Devemos, pois, em primeiro lugar, agradecer muito sinceramente o trabalho e a dedicada colaboração de todos aqueles que, desde o início, deram à I Bienal o melhor de seus esforços e de sua boa vontade. Do trabalho comum todos poderão verificar o resultado. Assim, tudo contribuiu para que, nesta primeira grande manifestação artística do Brasil, pudéssemos ter uma consciência maior e mais explícita dos valores artísticos nacionais em confronto com as grandes realizações artísticas de outros países.
Uma expressão do espírito humano só atinge seu ponto de plenitude – e para a arte, isto é da máxima importância – quando encontra projeção e eco, correspondência e compreensão em outros homens, povos. A ideia inspiradora e animadora de todo o esforço do Museu de Arte Moderna de S. Paulo consistiu em concorrer para que se realizasse em nosso meio essa expressiva manifestação de alta cordialidade humana.
(Francisco Matarazzo Sobrinho, “Apresentação”, catálogo da Bienal, out a dez de 1951).

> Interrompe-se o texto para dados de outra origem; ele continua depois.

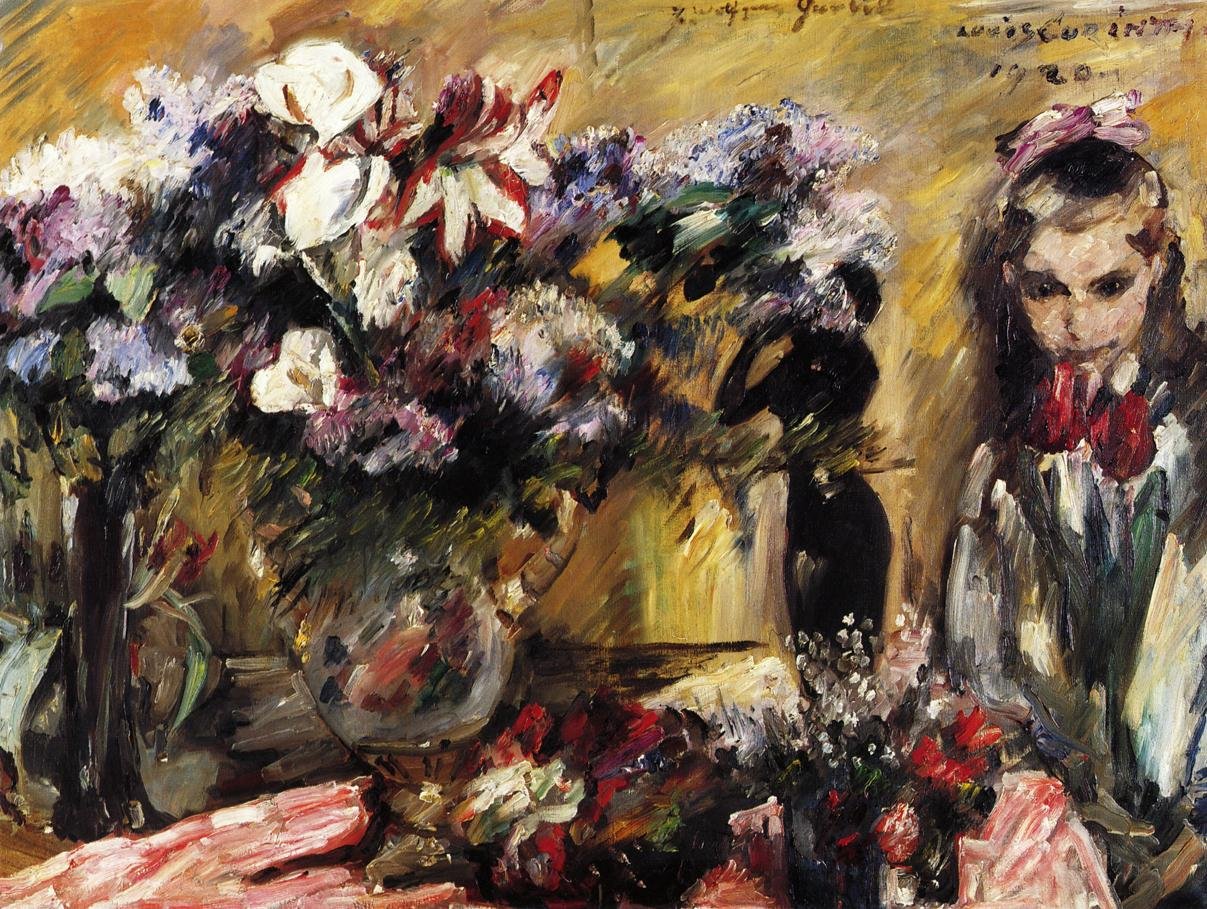 Flores e filha Wilhelminen de Lovis Corinth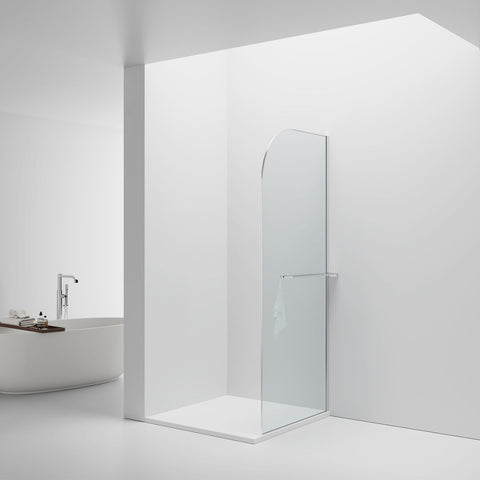 BELVIT Walk In inloopdouche 100x200cm helder glas chroomprofiel afgerond met handdoekhouder, inloopdouches — SKU MB-27588-31121, EAN 5404029128113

Inscreve-se no pórtico desta Pré-Bienal de São Paulo. Primeiramente, o nosso agradecimento à presença dos artistas que do extremo sul ao extremo norte do Brasil deram sua adesão a estra idéia. Antes dessa experiência, nada foi feito que se parecesse com essa verdadeira mobilização nacional que tentamos. O panorama buscado através de todo o imenso território nacional está aqui, naturalmente oferecendo deficiências e falhas que foram principalmente nossas – pois não pudemos bater de porta em porta e levar nossa convocação todos os recantos. Nem ainda mais debater razões de ausência ou de indiferença à iniciativa, que por si só nos afigura bastante a despertar o interesse e a participação.
No entanto, temos o panorama, e se dos que deveriam compô-lo nem todos souberam que havia aqui um lugar para o seu trabalho, é com esse panorama que se nos oferece a oportunidade de uma tomada de contato com a realidade brasileira atual.
Esta oportunidade em nosso pensamento único e exclusivo visava a constituir um critério para a escolha da representação nacional à XI Bienal de São Paulo. Então, estamos no dever de receber esta contribuição, e procurar ardentemente através dela chegar a um resultado positivo, construtivo e relativamente justo. Todos os que concordaram em trabalhar nesta oportunidade não desejam outro prêmio para seu esforço, isenção e vigílias.
Aos governadores, os nossos agradecimentos pelo grande empenho em seus Estados a fim de que pudesse ser dado esse primeiro passo decisivo no campo da integração das artes visuais em nosso país.
Agradecemos ainda aos que, com seu conselho e sugestão, encaminharam muitos dos artistas que aqui se reúnem. Temos fé na causa que nos inspirou e tudo faremos para que chegue ao termo este trabalho comum que se situa acima de regionalismos e de restrições.
(Francisco Matarazzo Sobrinho, “Apresentação”, catálogo da Pré-Bienal de São Paulo, setembro-outubro de 1970).